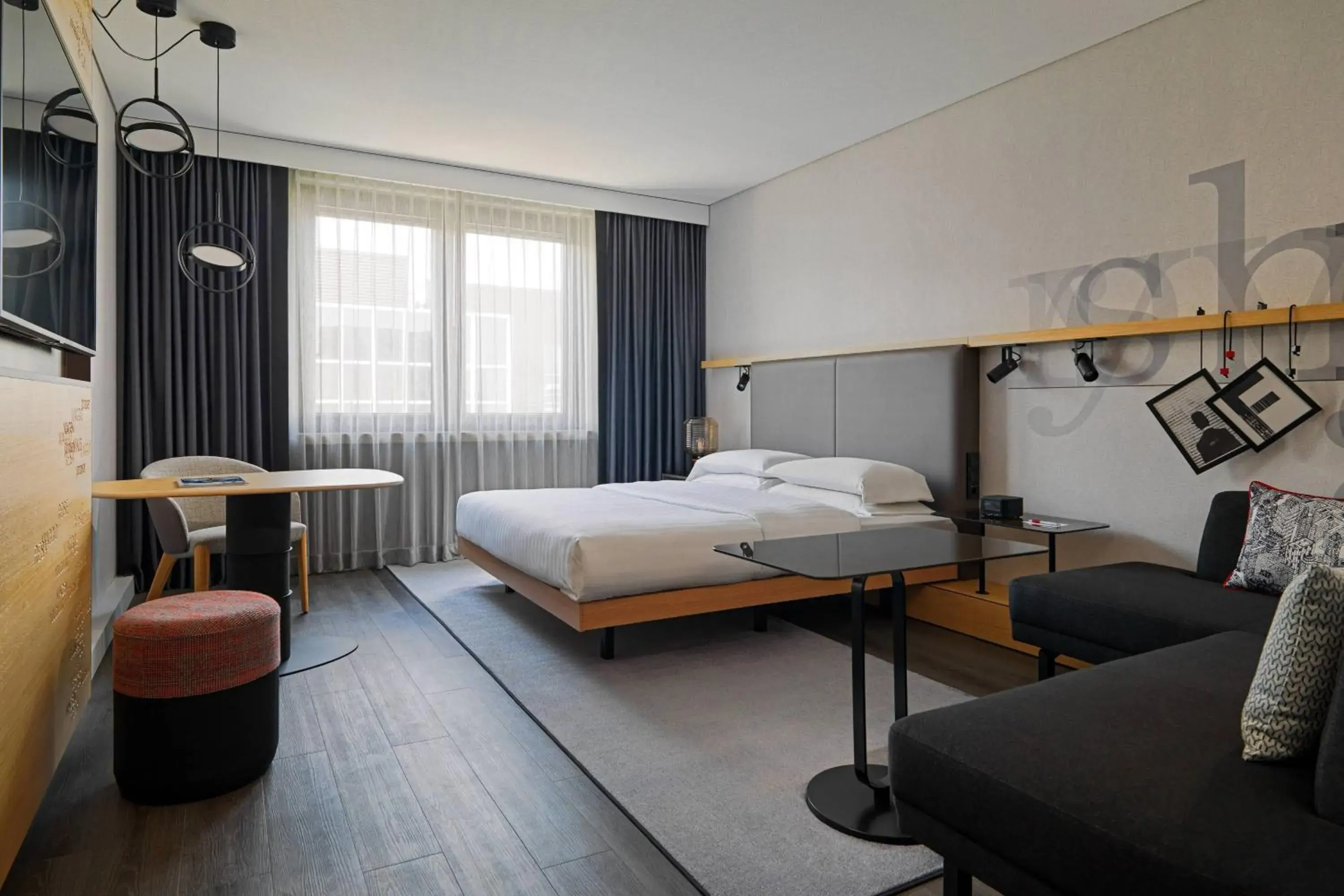 Photo of the whole room in Frankfurt Airport Marriott Hotel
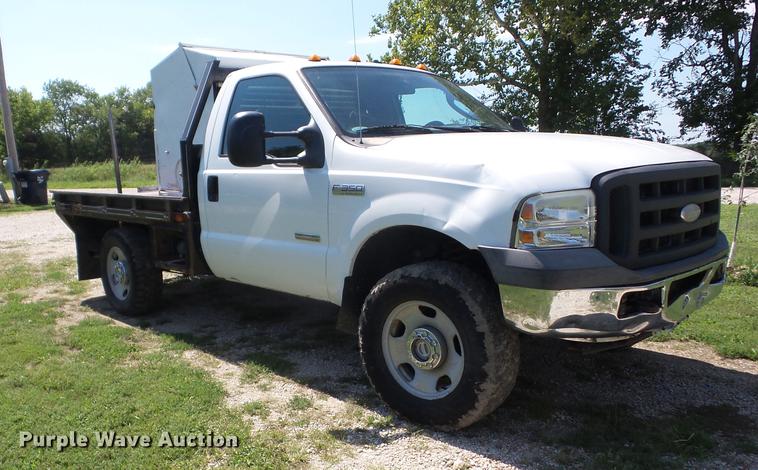 image for item EI9900 2005 Ford F350 Super Duty bale bed pickup truck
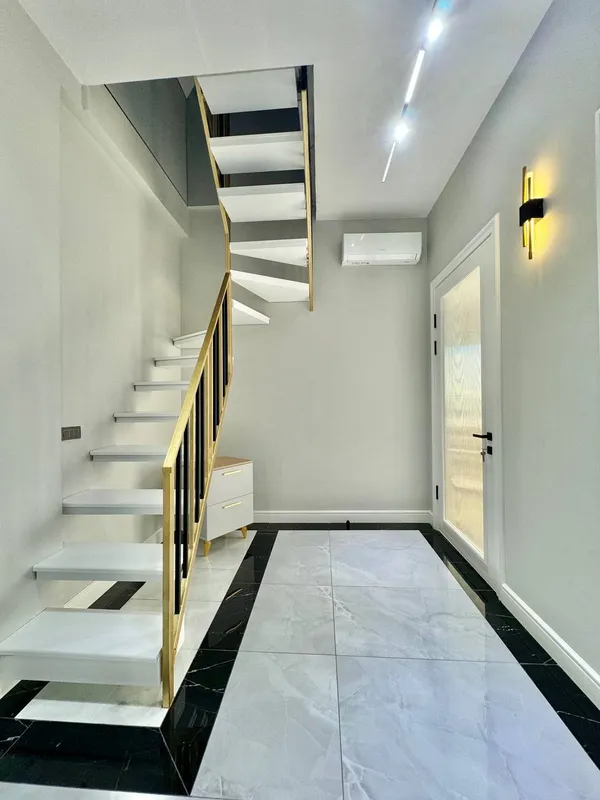 4 xonali kvartira, 230 m2, Mirobod 8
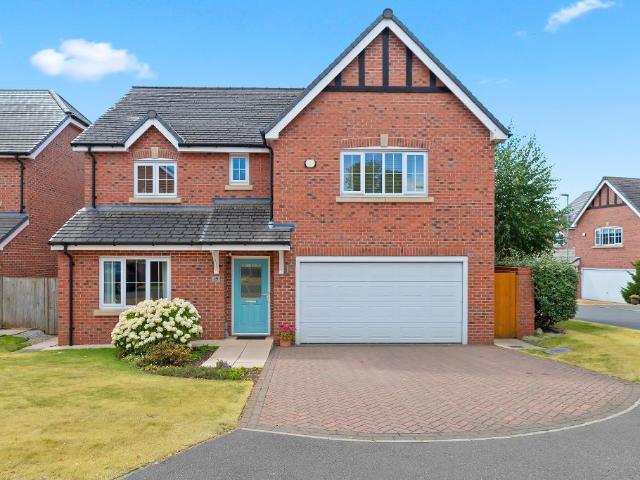 House for sale in Stone, Baswich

- **Exercise brief**:
All the data above is to be transcribed exactly, with no pictures included.

- **Answer to the problem**:
 Photo of the whole room in Frankfurt Airport Marriott Hotel
 image for item EI9900 2005 Ford F350 Super Duty bale bed pickup truck
 4 xonali kvartira, 230 m2, Mirobod 8
 House for sale in Stone, Baswich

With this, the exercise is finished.